The four angels in this scene are clearly powerful enemies of God. But they were not bound to protect him; God needs no protection. They were bound to protect humanity. But the people God has protected for so long have also been his enemies the entire time. Now, at last, God withdraws his protection. He gives the people exactly what they have demanded all along, both in their actions and with words; independence. It is undeniably fair; the people who will not recognize or obey God are not entitled to his protection. There are no grounds for complaint, but only for horror and mourning, when God, at last, gives the world exactly what it’s been demanding.
The result is horrific. Rebellious humanity could never have imagined that the false gods they’ve been worshiping would turn on them with such fury the moment they are allowed to. And the horror is magnified when we see the result:
The rest of mankind who were not killed by these plagues still did not repent of the work of their hands; they did not stop worshiping demons, and idols of gold, silver, bronze, stone and wood – idols that cannot see or hear or walk. Nor did they repent of their murders, their magic arts, their sexual immorality or their thefts (Revelation 9:20-21).
Even when faced with the consequences of their rebellion, the people will not repent. They will not give up worshiping the very demons that are killing them.

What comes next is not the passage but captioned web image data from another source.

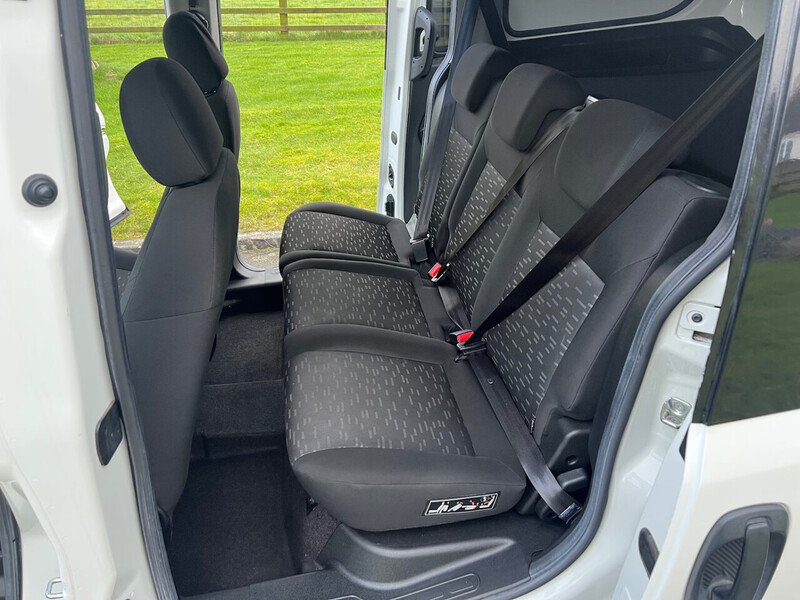 Vauxhall Combo 2300 L2h1 Cdti - U38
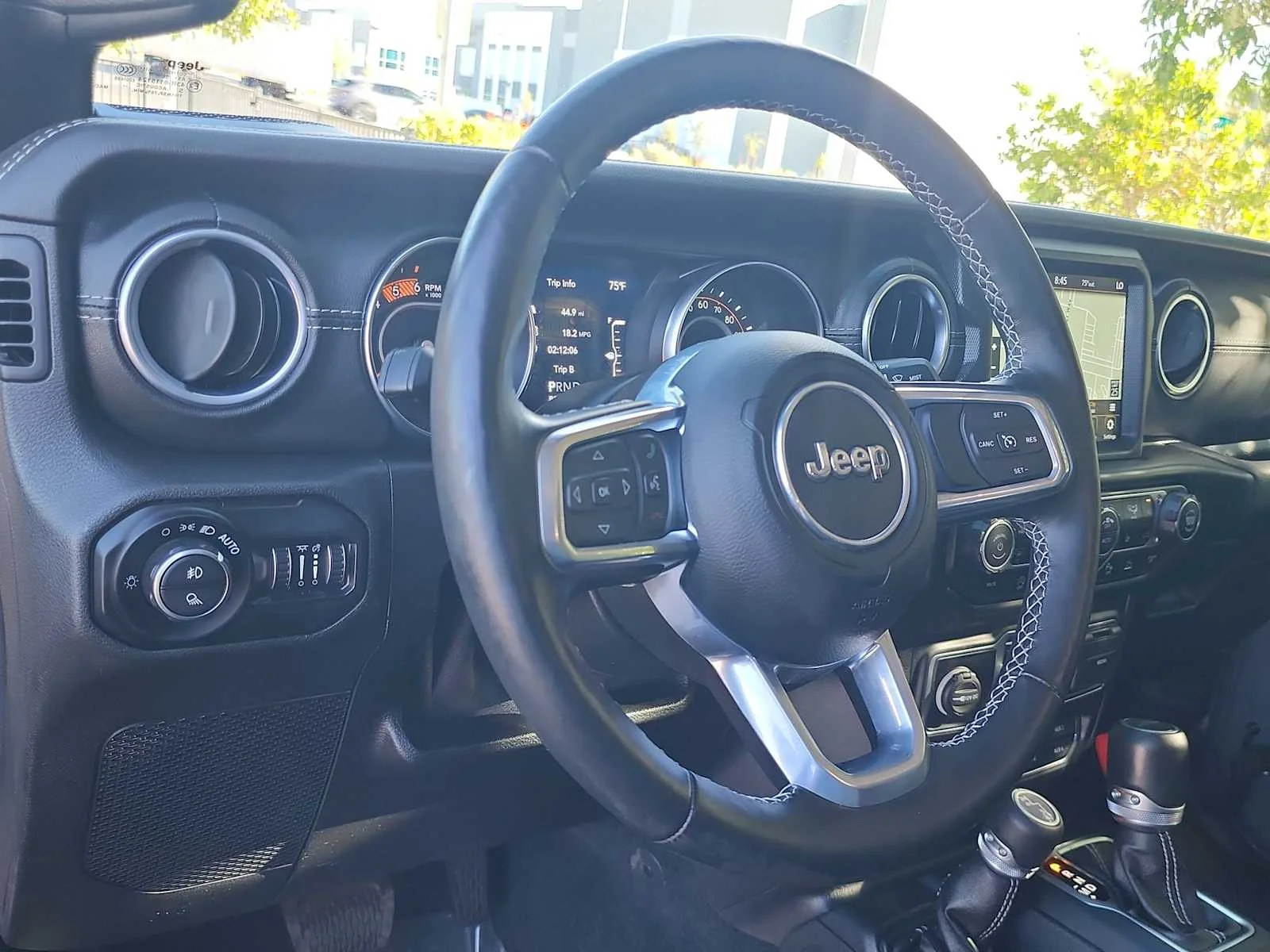 Used 2021 Sting-Gray Clearcoat Jeep Overland image 18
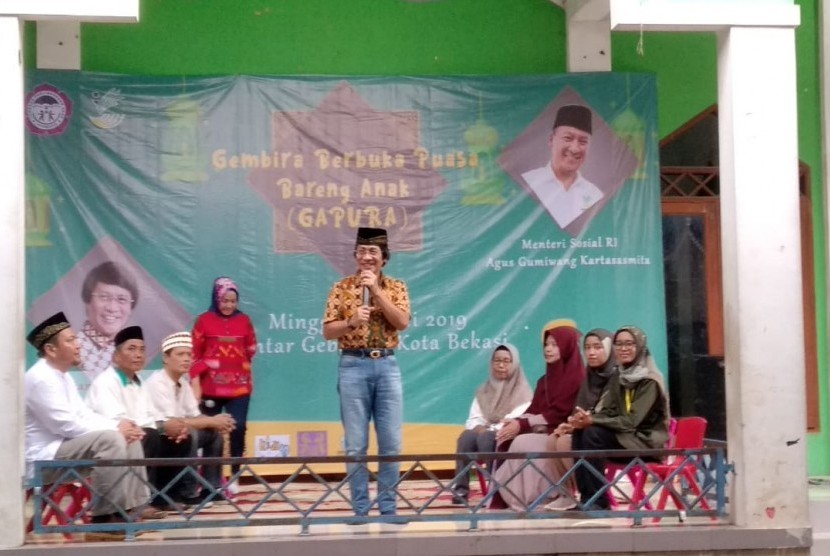 Seto Mulyadi sedang memotivasi siswa SD Dinamika Indonesia di Kelurahan Ciketing Udik, Bantargebang, Kota Bekasi. Kebanyakan siswa disana adalah anak dari pemulung yang bekerja di TPST Bantargebang.
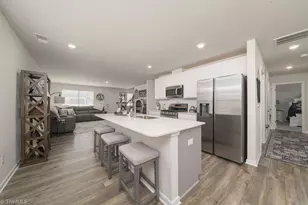 6015 Red Pheasant Dr, Kernersville, NC 27284 - Photo 3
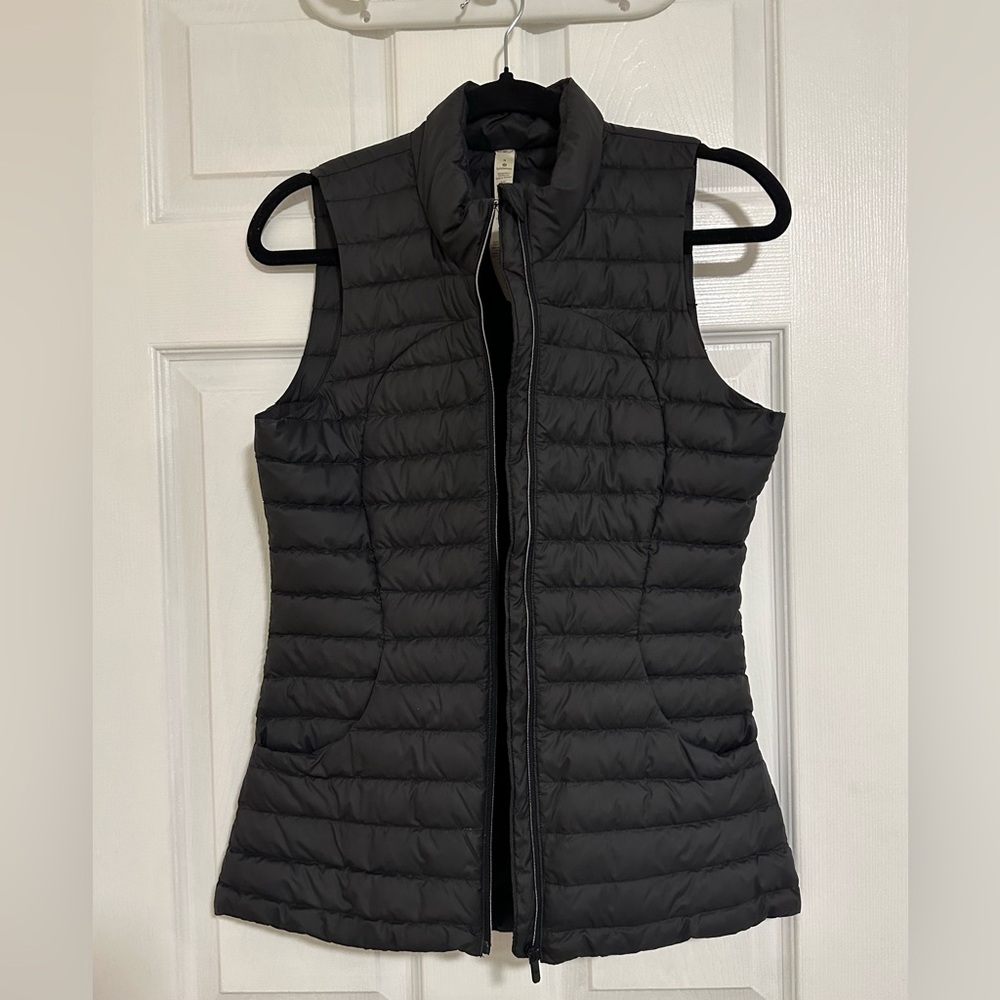 Lulu Lemon Vest - Picture 1 of 2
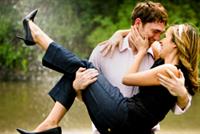 علامات تدل إلى أن زوجك وفيّ ولن يخونكِ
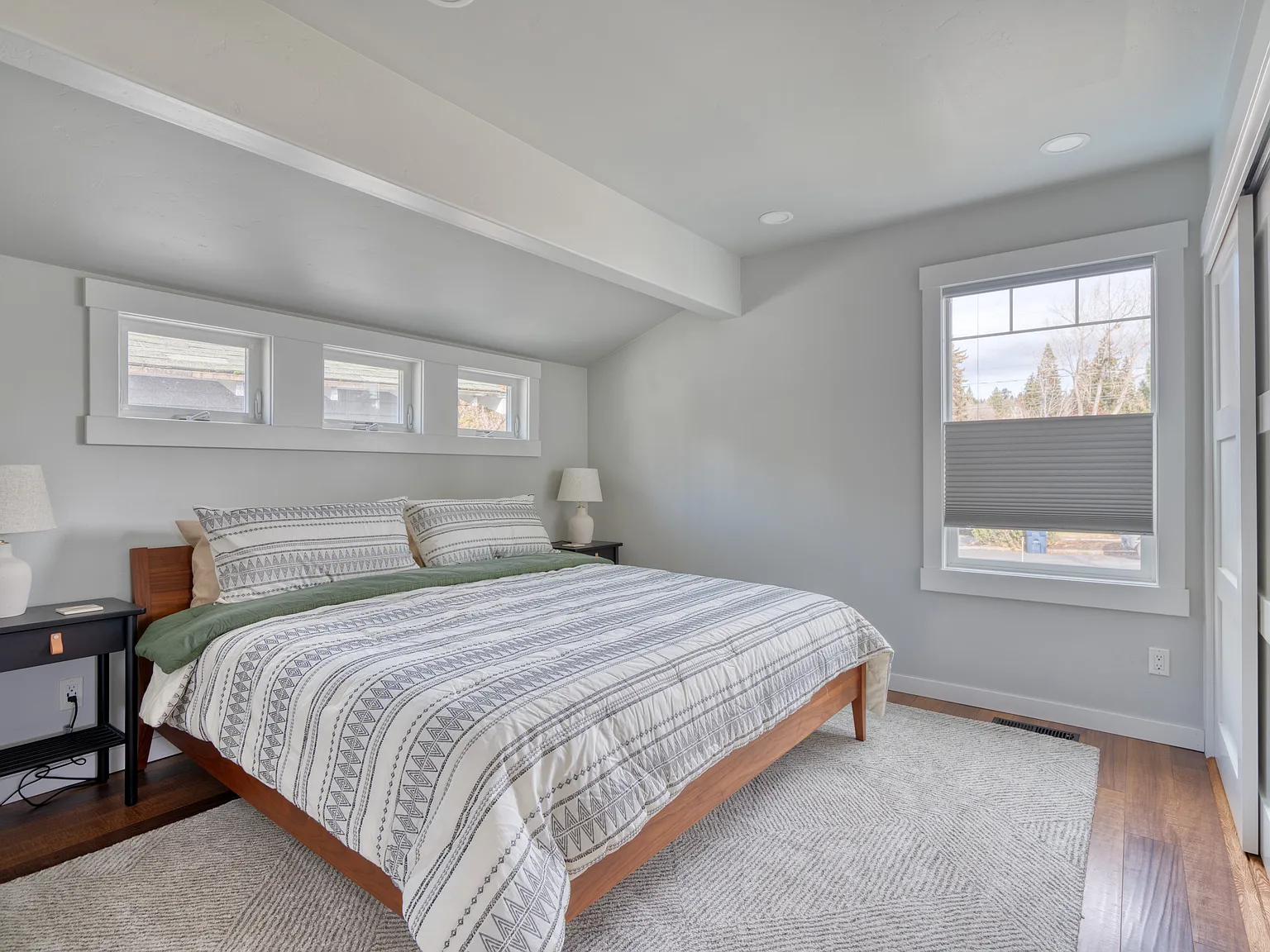 2 bed, 1100 sqft, $3,700 — Photo 2
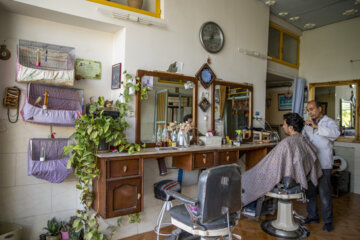 محمد نجفی در سرای کتاب فروش های بازار اراک به شغل آرایشگری مردانه مشغول است.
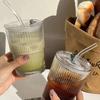 1/2 Piezas Vaso de Vidrio Rayado Vasos Transparentes con Tapa y Pajita Taza para Café Helado Taza de Té Vaso para Jugos Vaso para Leche y Agua Utensilios para Beber Botella de Agua con Pajita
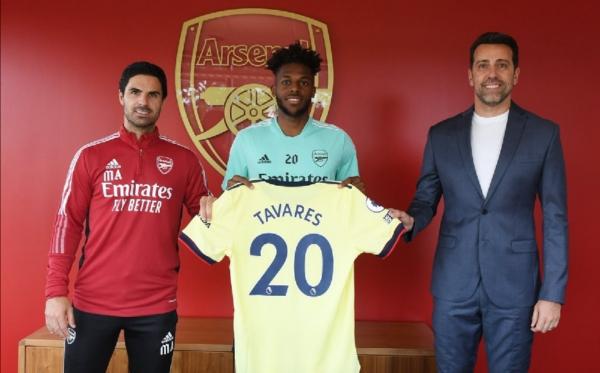 Nuno Tavares Arsenal resmi memperkenalkan Nuno Tavares sebagai pemain baru di musim panas 2021 ini. Wonderkid asal klub Benfica ini akan mengisi pos bek kiri The Gunners. (foto: Arsenal.Com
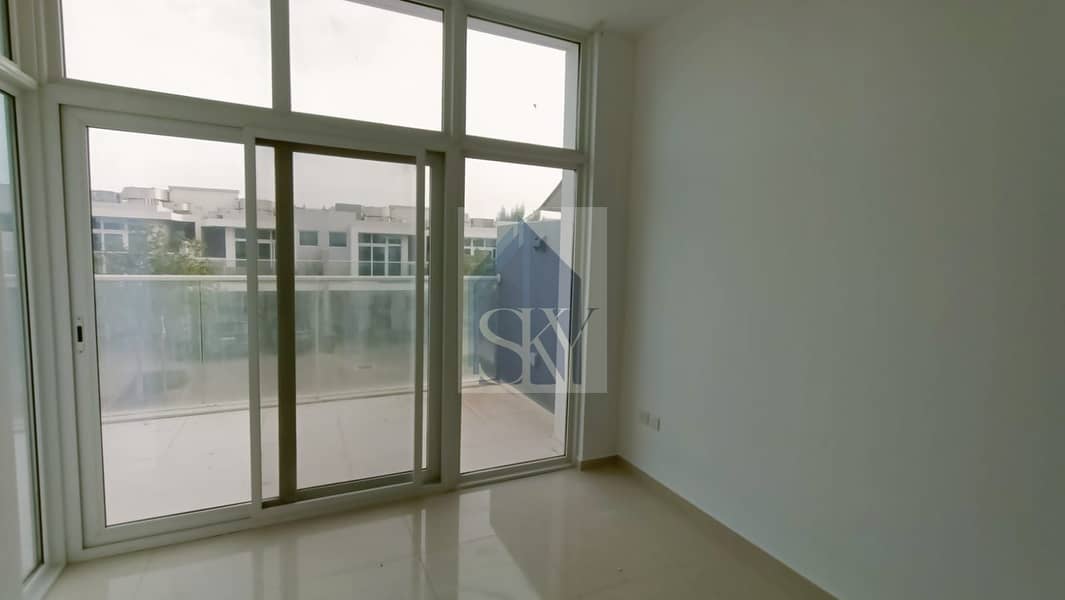 The Cheapest 5BR Townhouse In Damac Hills 2 - Image 22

This, honestly, looks like addiction. An addiction to idols. The list of sins that follows; murder, magic arts, sexual immorality and theft, are presented here as additions to the main sin, which is the worship of idols “that cannot see or hear or walk.” The primary sin in John’s vision is idolatry; treating something that is not God as though it were. The idols we worship today are called by different names, but they are not fundamentally any different.
In this passage the mask is coming off. The true nature of the so-called “gods” that people worship is being revealed. And yet, the survivors continue in their rebellion, clinging to their hope in the false gods that are torturing and killing them. Badly abused slaves, they are, nevertheless, holding desperately on to their slavery.
And make no mistake: sin is slavery. It is, in the words of author J. Keith Miller, the ultimate deadly addiction. Hiding behind the promise of pleasure and power and riches are false gods who murder and destroy, and an addiction worse than heroin. This is what I need to see; the true nature of sin. It’s what we all need to see. There are no small sins. There are no sins that can safely be played with, or dabbled in, or entertained. Every time I choose sin, I choose a path that leads, in the end, to addiction, to slavery, and to death. Every time. And every time I choose sin, I’m rebelling against the only source in the universe of good, of truth, and of life itself. Every time. So I ask you to join me in praying that our eyes will stay open to see sin the way God does, as a deadly addiction.